Certo é, que já vamos no 11.º estado de emergência, com fundamento na verificação de uma situação de calamidade pública, e só a partir do 10.º foi possível ver um militar assumir funções de liderança nacional na resposta à Covid-19, não por escolha direta do Governo, mas por ausência de alternativa, dado que o seu antecessor pediu demissão. De início, quase todos estranharam, mas agora são muitos os que defendem que “o Vice-Almirante Gouveia e Melo já lá devia estar há muitos meses”, que “inspira confiança” ou que “fala pouco, mas com clareza”.

Em todas as restantes ações para a mitigação da pandemia, as Forças Armadas têm vindo a exercer um papel eminentemente secundário, questionando-se se tal se justifica pelo eventual medo de dar protagonismo às fardas no nosso país. Além disso, mesmo nas poucas missões que lhes são acometidas, os militares raramente saem dos seus quartéis, não se misturando com os civis.

Quando Portugal pediu ajuda externa, a primeira resposta foi o envio de uma equipa médica das forças armadas alemãs, a qual foi encaminhada para apoiar um hospital civil de Lisboa, sem qualquer complexo de “mistura militar/civil”.

Se as Forças Armadas portuguesas são reconhecidas além-fronteiras, recebendo os maiores louvores pela participação nas mais diversas operações, existirá algum tipo de vergonha em mobilizá-las em território português? O mesmo não acontece em muitos países da Europa ocidental, a exemplo da Espanha, da França ou da Bélgica, pois é comum ver militares, principalmente do exército e de outras forças especiais, a patrulharem locais de maior risco. Em Portugal, porque “somos diferentes”, isso é proibido pela Constituição e pela Lei.

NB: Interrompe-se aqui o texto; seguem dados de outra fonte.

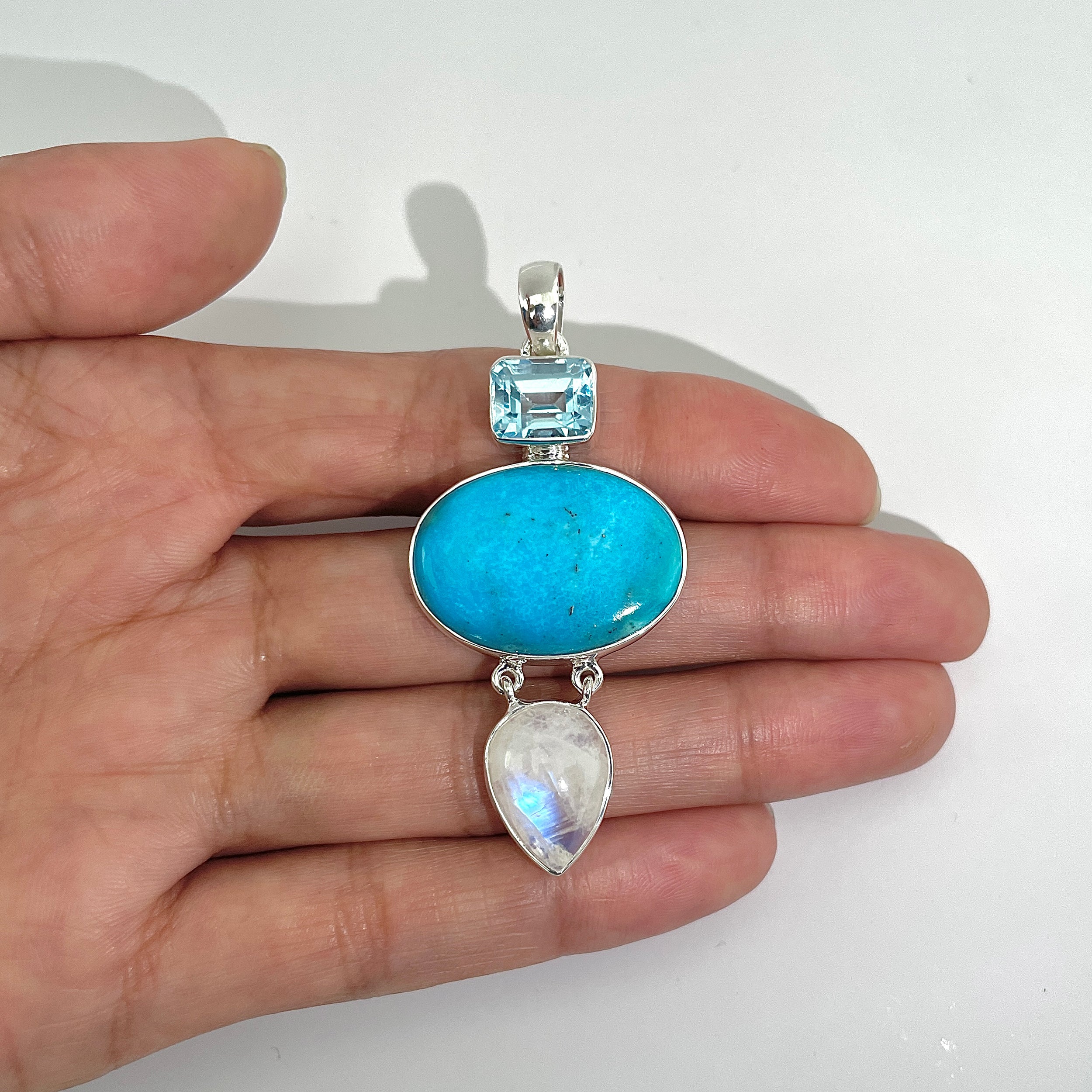 Turquoise Pendant-(TRQ-1-54)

É urgente mudar mentalidades – dos civis e dos militares! É urgente alterar a Constituição e a Lei para que o emprego das Forças Armadas em território nacional seja ampliado, quer em tempo de paz, quer em situação de emergência.

Não nos esqueçamos nunca que os militares são, antes de mais, Portugueses que amam muito a sua pátria e que juraram defendê-la, mesmo com sacrifício da própria vida.